Pragmatists, on the other hand, like to see with their eyes open. They don't
trust visionaries for the same reasons that they don't trust people who want
to navigate using _the force_.' - Moore, Geoffrey A. _Inside the Tornado_
(1995) p. 19

for background: <http://en.wikipedia.org/wiki/Crossing_the_Chasm>

------
johnglasgow
"many entrepreneurs would tell you that even considering the possibility of
failure undermines your chances of success."

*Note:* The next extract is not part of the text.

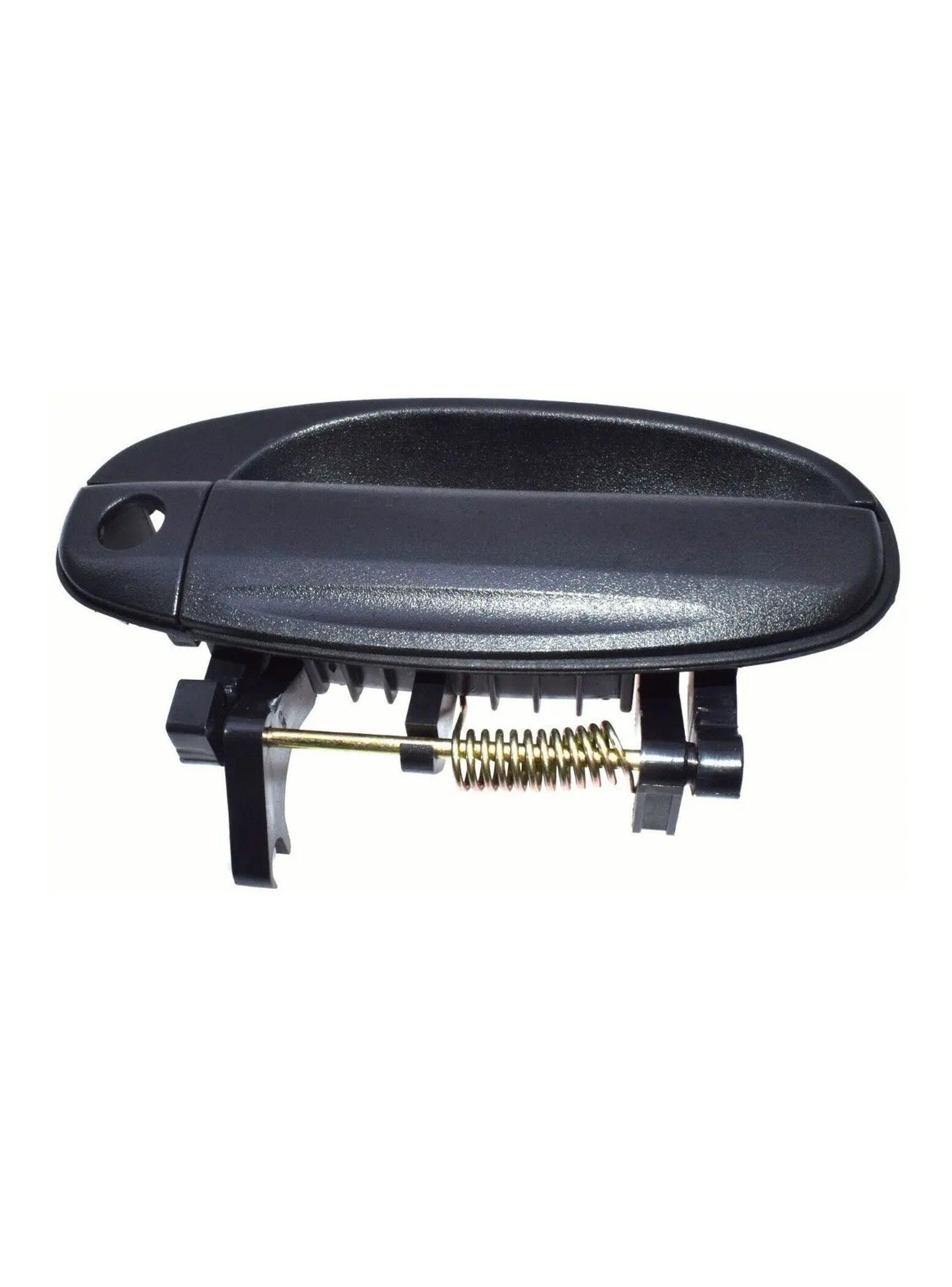 Manilla Exterior Puerta Automóvil Negro Compatible-3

Although I'm overly optimistic about my own company just like every other
entrepreneur, you can't be naive and think you'll never face failure knowing
you have a 10% chance of success. Starting a company is all about failing,
pivoting, and moving past it. So I'd say that you have to expect failure along
the way and be ready to overcome it.

------
lionhearted
I'm reminded of a quote:

"Positions are seldom lost because they have been destroyed, but almost
invariably because the leader has decided in his own mind that the position
cannot be held." - General A. A. Vandegrift, United States Marine Corps

I think this is often true in entrepreneurship.

------
alex1
I like to think of what others think of as "failures" as just temporary
obstacles to get to where I want to be.

The success of an entrepreneur may depend on what exactly they consider to be
a failure, rather than just a temporary obstacle.

------
sebg
From the article - "I am not an entrepreneur, but I don’t think it’s that
simple. Entrepreneurship is all about overcoming the odds."

Seems dangerous to read too much into what the author says until (s)he has
actually gone through the experience they want to write about.